LLANTWIT MAJOR [H2] Britain's first school was founded here by St llltyd some 1500 years ago. The patron saint of Wales, St David, is said to have been a pupil. There are views of the Bristol Channel from the nearby Seawatch Centre, housed in a former coastguard station. To the west is St Donat's Castle, now a school. Nearby are Tressilian Bay, with smugglers' caves, and Nash Point, from where there are fine views.
MARGAM COUNTRY PARK [G4] An 1840s mansion set in extensive grounds on the site of a ruined 12th-century abbey, Margam has a magnificent orangery, now housing exhibitions. Attractions include a vast maze, gardens, woods and parkland. Margam Sands beach is nearby.

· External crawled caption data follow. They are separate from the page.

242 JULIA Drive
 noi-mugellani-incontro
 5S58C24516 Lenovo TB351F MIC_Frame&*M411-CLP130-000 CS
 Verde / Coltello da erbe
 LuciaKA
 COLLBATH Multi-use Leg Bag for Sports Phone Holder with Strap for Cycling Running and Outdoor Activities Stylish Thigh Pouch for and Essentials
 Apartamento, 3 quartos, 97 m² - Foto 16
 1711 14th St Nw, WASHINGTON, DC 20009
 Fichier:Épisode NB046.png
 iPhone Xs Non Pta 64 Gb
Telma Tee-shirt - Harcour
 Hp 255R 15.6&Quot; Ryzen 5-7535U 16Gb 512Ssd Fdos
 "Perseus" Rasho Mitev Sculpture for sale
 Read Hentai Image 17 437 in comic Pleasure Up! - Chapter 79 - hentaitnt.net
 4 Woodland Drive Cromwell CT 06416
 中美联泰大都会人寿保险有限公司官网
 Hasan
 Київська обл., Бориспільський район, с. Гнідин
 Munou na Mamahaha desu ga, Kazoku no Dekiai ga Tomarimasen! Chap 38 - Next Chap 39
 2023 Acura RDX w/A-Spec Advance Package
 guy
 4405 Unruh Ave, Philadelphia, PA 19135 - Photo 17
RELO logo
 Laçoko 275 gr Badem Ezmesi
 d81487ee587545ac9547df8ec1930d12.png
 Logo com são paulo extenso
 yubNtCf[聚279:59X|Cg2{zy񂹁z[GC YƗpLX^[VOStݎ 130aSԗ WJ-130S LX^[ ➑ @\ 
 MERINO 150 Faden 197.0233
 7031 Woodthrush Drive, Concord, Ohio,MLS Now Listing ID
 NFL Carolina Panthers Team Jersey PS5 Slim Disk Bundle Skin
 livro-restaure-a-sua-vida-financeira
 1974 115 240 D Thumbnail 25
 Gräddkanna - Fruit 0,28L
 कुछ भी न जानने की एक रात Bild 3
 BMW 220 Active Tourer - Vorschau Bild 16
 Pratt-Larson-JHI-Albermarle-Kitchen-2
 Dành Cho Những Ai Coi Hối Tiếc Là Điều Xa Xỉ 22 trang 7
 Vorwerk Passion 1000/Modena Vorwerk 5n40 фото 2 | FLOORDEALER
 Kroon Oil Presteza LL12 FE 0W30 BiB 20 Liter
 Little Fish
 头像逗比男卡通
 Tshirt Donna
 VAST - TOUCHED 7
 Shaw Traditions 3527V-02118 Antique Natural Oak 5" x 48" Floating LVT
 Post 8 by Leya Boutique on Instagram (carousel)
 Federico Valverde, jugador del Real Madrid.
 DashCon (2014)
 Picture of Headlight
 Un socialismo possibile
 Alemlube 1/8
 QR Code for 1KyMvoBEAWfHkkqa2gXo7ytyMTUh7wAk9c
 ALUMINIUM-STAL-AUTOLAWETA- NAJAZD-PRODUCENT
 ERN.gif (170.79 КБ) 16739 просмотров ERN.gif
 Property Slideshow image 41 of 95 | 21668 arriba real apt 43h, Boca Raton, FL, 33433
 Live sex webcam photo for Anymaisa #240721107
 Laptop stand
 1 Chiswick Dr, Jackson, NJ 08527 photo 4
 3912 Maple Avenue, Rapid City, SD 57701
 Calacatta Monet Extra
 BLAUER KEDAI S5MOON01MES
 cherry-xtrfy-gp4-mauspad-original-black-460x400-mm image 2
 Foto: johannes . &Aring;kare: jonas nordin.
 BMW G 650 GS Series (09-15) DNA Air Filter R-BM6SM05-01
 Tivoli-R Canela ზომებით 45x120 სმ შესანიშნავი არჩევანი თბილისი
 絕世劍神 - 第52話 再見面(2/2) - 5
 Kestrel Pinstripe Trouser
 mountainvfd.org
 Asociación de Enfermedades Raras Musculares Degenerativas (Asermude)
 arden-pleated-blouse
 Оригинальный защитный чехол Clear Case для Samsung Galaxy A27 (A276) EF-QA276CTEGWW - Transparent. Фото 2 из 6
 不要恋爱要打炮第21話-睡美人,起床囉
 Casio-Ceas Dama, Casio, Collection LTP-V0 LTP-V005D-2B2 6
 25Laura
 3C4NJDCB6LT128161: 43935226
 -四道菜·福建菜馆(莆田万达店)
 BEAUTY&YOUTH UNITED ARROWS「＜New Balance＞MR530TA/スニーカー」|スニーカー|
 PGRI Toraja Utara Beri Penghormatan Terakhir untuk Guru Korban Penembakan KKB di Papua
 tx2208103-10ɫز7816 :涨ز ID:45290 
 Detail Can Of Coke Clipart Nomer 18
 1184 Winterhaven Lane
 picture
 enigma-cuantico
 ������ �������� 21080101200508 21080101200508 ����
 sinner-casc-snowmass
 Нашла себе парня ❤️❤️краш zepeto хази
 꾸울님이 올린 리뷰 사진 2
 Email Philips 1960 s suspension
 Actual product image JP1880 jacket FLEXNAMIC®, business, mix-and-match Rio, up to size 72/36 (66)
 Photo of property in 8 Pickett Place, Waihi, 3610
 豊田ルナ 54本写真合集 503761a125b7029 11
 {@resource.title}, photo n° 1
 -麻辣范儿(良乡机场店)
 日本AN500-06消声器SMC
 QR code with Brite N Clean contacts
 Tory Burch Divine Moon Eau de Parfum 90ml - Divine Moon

MERTHYR MAWR [G3] Thatched stone dwellings surround the green, and there is a medieval Dipping Bridge over the Ogmore - it has large holes in the parapet through which unwilling sheep were pushed into the river to be washed. The ruins of Candleston and Ogmore castles are close by, and upriver are the remains of the fortified Ewenny Priory. The warren or burrows, an area of grassy dunes, stretches west along the Ogmore estuary.
THE MUMBLES [E4] Until the 1950s, a train ride round the bay to Mumbles Head was a day out for Swansea folk. Now part of the old rail line is a promenade to the pier at The Mumbles resort, the gateway to the Gower peninsula.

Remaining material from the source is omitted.